Juergen Maier, managing director, Siemens Industry UK:
“Siemens is encouraged by the chancellor’s focus on investment in the low carbon economy through the allocation of £200 million for high growth sectors, providing a boost to the offshore wind industry. Nevertheless, we still have a number of concerns about how the private sector and the wider manufacturing and engineering industries in particular will plug the gaps. There is still far too little support for the important areas of manufacturing, R&D and skills in the Coalition’s financial and strategic plans. We need for example to be thinking about how we can reskill many of the 500,000 public sector workers likely to loose their jobs to take up jobs in the engineering sector.
“The plans announced for adult apprenticeships are encouraging but these measures alone will not be sufficient. In addition, availability of finance remains vital for the ongoing recovery but finance for manufacturing investments still remains difficult to obtain. The current level of finance for the Green Investment bank will not be sufficient.
“We noticed with interest the end to “revenue recycling” within the CRC Energy Efficiency Scheme which applies to about 5,000 heavy users of energy. At the moment, those who cut their carbon use receive net payments out of the programme paid for by those who are penalised for their heavy use. This is now going to end which means that the urgency to reduce energy consumption will become even more intense – which could be a good thing but only if these changes are properly communicated to industry.”
Phil Kite, managing director of defence manufacturer Astrum, on the Defence and Security Spending Review:
“I remain concerned that too much focus has been on cost-cutting rather than strategy. We need to ensure we plan for the future, not just for today and this means keeping a range of military capabilities. The army will always play a major role in the future and we need to ensure they are properly resourced.”
Martin Wood, managing director Kostal UK, supplier of switches and actuators to automotive OEMs:
The size of the cuts targeted at the public sector could have a slow down effect on the UK car market which would affect our business. I must say however that this is likely to be small, as the vast majority of our products find their way into vehicles in export markets. A personal view is that higher taxation should have been considered in particular with spending reductions to soften the blow somewhat. I await with interest on the proactive policies to stimulate the growth which is essential if yesterday’s spending review is to be successful!

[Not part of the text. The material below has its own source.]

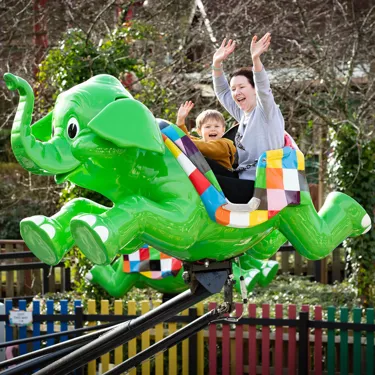 Elmer's Flying Jumbos Family Ride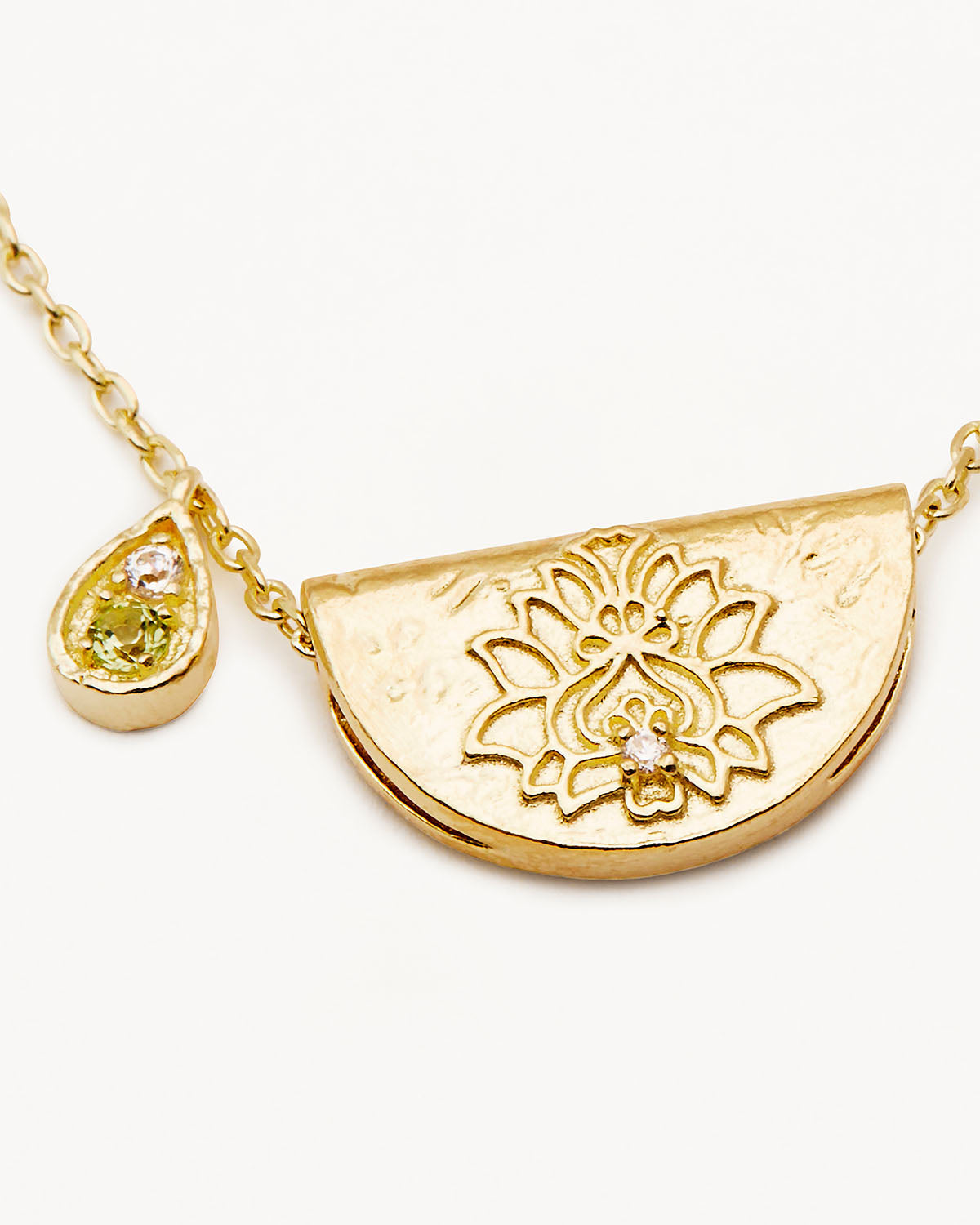 By Charlotte Lotus Birthstone Necklace (August - Peridot), Gold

Tom Lawton, head of manufacturing, business advisors and tax consultants BDO LLP
The manufacturing sector benefited more than most by yesterday’s announcements: the protection for the science budget is excellent news for hi-tech manufacturers, the £1bn commitment to carbon-capture projects and a further £200m for offshore wind energy and ports is a boost for cleantech industries and the extra £250m a year ringfenced for apprenticeships will help to encourage workers to the sector.
However, the review largely contains disjointed, tactical measures to help tide the sector over in the short- to medium-term. There is a distinct absence of measures outlined to help ensure future growth and create an export-led recovery as a whole. Further clarity is urgently needed on the Government’s strategy for growth, with particular attention paid to how it plans to work with the private sector to leverage investment. Further announcements due over the next few weeks will now be of critical importance.
Julie Hughes, finance director, Dawson Precision Components:
The Comprehensive Spending Review was inevitably going to be tough for everyone, but there are some positives for UK manufacturing.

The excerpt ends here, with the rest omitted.